Task objective ▸ Look below for the line containing "An Indian child"; from there, print each line exactly up to and including the line containing "Flowing wave cloth, 3d rendering.", and stop.

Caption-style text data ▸
##############################
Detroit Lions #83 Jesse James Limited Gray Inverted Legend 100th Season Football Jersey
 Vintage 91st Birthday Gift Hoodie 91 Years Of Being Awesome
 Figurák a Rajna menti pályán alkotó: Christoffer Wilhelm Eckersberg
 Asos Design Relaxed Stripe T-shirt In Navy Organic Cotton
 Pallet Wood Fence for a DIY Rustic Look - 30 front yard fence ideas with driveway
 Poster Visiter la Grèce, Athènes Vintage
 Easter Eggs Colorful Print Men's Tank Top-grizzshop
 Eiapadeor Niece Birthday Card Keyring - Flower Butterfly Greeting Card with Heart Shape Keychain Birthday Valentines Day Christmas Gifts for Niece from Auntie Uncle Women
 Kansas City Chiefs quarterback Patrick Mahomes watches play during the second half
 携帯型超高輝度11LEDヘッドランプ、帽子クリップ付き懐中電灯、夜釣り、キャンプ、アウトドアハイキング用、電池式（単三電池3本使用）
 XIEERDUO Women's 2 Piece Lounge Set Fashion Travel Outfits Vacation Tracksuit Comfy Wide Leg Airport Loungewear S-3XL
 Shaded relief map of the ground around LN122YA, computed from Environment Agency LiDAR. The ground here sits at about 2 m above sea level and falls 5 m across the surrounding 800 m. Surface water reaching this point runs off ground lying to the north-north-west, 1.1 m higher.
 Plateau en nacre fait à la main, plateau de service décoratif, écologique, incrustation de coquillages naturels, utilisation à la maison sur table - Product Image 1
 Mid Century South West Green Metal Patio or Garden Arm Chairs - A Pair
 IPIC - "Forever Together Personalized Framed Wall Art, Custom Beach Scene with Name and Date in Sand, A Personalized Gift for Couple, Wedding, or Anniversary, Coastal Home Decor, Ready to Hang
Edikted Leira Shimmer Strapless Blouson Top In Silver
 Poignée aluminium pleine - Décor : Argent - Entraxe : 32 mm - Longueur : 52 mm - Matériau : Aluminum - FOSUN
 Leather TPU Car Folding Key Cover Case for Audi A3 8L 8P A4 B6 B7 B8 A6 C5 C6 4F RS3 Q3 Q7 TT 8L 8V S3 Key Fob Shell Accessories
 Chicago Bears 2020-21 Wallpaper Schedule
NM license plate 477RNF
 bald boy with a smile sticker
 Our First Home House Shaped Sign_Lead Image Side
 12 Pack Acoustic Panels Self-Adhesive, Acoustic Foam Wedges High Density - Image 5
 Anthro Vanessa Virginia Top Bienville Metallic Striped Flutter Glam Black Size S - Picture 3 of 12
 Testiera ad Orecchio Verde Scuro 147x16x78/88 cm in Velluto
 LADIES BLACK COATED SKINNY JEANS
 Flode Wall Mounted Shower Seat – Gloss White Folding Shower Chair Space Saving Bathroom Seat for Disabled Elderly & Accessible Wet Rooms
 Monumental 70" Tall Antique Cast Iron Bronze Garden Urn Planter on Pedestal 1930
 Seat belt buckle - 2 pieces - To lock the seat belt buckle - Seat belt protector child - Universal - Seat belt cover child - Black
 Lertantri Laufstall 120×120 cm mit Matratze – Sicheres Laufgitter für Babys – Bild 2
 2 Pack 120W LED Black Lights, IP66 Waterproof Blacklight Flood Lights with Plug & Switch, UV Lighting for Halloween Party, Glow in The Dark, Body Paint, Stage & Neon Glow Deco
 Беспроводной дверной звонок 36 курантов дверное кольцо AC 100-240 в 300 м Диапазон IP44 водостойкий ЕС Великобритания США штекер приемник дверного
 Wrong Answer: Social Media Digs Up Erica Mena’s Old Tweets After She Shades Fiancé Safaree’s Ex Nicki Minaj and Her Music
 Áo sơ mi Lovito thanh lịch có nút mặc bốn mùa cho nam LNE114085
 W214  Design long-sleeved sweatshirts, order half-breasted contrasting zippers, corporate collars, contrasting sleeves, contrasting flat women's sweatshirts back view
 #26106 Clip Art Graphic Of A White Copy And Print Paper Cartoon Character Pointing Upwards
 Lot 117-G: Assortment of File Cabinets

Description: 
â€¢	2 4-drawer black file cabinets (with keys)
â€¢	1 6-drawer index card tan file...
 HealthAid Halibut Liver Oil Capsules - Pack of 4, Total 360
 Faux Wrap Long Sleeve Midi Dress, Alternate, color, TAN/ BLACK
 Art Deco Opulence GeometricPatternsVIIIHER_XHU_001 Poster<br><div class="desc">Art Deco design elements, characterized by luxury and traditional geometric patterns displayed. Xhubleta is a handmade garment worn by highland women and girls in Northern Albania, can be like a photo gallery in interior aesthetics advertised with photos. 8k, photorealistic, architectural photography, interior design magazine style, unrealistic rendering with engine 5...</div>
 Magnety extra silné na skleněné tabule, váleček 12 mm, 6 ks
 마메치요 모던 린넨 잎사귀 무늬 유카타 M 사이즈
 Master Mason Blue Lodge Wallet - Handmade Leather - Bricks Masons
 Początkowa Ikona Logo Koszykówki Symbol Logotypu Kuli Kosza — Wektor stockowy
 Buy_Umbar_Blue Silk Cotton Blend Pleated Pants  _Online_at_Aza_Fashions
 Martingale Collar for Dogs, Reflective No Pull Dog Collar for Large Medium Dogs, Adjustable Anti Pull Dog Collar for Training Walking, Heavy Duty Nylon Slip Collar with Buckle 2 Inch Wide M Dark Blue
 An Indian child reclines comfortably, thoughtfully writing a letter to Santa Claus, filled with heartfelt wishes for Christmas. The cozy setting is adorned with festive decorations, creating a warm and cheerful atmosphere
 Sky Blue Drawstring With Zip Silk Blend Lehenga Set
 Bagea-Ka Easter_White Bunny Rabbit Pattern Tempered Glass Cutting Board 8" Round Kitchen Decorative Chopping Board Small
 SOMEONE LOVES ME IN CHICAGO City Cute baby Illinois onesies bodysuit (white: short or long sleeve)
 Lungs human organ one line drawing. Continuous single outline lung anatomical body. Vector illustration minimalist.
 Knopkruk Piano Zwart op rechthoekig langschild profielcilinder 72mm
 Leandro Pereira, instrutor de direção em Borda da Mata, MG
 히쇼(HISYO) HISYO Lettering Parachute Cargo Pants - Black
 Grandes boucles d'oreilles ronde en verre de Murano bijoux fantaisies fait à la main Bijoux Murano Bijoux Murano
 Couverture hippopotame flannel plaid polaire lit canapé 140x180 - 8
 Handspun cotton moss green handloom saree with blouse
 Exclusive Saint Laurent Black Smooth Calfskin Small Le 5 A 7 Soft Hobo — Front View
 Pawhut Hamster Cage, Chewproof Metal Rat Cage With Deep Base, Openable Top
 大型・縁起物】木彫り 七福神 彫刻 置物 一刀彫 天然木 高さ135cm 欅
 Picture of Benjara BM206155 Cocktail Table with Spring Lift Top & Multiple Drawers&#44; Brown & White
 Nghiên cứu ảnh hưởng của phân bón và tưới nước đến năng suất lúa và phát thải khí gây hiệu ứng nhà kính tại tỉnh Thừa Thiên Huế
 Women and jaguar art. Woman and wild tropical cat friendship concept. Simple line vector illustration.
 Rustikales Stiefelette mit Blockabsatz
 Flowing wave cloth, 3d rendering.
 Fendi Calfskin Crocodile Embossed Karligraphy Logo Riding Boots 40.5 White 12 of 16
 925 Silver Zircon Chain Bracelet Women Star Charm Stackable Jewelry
##############################
Result of this task ▸
 An Indian child reclines comfortably, thoughtfully writing a letter to Santa Claus, filled with heartfelt wishes for Christmas. The cozy setting is adorned with festive decorations, creating a warm and cheerful atmosphere
 Sky Blue Drawstring With Zip Silk Blend Lehenga Set
 Bagea-Ka Easter_White Bunny Rabbit Pattern Tempered Glass Cutting Board 8" Round Kitchen Decorative Chopping Board Small
 SOMEONE LOVES ME IN CHICAGO City Cute baby Illinois onesies bodysuit (white: short or long sleeve)
 Lungs human organ one line drawing. Continuous single outline lung anatomical body. Vector illustration minimalist.
 Knopkruk Piano Zwart op rechthoekig langschild profielcilinder 72mm
 Leandro Pereira, instrutor de direção em Borda da Mata, MG
 히쇼(HISYO) HISYO Lettering Parachute Cargo Pants - Black
 Grandes boucles d'oreilles ronde en verre de Murano bijoux fantaisies fait à la main Bijoux Murano Bijoux Murano
 Couverture hippopotame flannel plaid polaire lit canapé 140x180 - 8
 Handspun cotton moss green handloom saree with blouse
 Exclusive Saint Laurent Black Smooth Calfskin Small Le 5 A 7 Soft Hobo — Front View
 Pawhut Hamster Cage, Chewproof Metal Rat Cage With Deep Base, Openable Top
 大型・縁起物】木彫り 七福神 彫刻 置物 一刀彫 天然木 高さ135cm 欅
 Picture of Benjara BM206155 Cocktail Table with Spring Lift Top & Multiple Drawers&#44; Brown & White
 Nghiên cứu ảnh hưởng của phân bón và tưới nước đến năng suất lúa và phát thải khí gây hiệu ứng nhà kính tại tỉnh Thừa Thiên Huế
 Women and jaguar art. Woman and wild tropical cat friendship concept. Simple line vector illustration.
 Rustikales Stiefelette mit Blockabsatz
 Flowing wave cloth, 3d rendering.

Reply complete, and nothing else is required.